The answer must be an exact reproduction of the lines from the start of the records below through the line containing "Photo of property", and nothing more.

[[ DATA UNDER STUDY, beginning ]]

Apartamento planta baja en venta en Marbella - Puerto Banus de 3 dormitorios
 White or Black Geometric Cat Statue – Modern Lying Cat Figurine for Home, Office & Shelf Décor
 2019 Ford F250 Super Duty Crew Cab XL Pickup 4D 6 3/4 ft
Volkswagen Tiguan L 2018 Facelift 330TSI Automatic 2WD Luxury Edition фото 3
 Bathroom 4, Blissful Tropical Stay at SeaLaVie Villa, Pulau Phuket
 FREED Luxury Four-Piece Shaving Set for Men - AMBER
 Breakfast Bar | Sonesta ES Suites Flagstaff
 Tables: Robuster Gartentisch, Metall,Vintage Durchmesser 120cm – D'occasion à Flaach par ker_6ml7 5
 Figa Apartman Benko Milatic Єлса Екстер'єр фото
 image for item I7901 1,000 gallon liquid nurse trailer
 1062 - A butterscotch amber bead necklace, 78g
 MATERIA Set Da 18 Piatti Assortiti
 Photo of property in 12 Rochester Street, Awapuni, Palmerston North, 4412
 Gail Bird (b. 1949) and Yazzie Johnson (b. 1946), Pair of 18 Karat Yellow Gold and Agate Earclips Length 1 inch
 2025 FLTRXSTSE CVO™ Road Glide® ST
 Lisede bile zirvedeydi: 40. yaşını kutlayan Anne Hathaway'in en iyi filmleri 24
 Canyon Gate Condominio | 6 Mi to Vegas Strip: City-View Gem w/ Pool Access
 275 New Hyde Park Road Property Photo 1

[[ DATA UNDER STUDY, end ]]

**WRITTEN ANSWER:**
Apartamento planta baja en venta en Marbella - Puerto Banus de 3 dormitorios
 White or Black Geometric Cat Statue – Modern Lying Cat Figurine for Home, Office & Shelf Décor
 2019 Ford F250 Super Duty Crew Cab XL Pickup 4D 6 3/4 ft
Volkswagen Tiguan L 2018 Facelift 330TSI Automatic 2WD Luxury Edition фото 3
 Bathroom 4, Blissful Tropical Stay at SeaLaVie Villa, Pulau Phuket
 FREED Luxury Four-Piece Shaving Set for Men - AMBER
 Breakfast Bar | Sonesta ES Suites Flagstaff
 Tables: Robuster Gartentisch, Metall,Vintage Durchmesser 120cm – D'occasion à Flaach par ker_6ml7 5
 Figa Apartman Benko Milatic Єлса Екстер'єр фото
 image for item I7901 1,000 gallon liquid nurse trailer
 1062 - A butterscotch amber bead necklace, 78g
 MATERIA Set Da 18 Piatti Assortiti
 Photo of property in 12 Rochester Street, Awapuni, Palmerston North, 4412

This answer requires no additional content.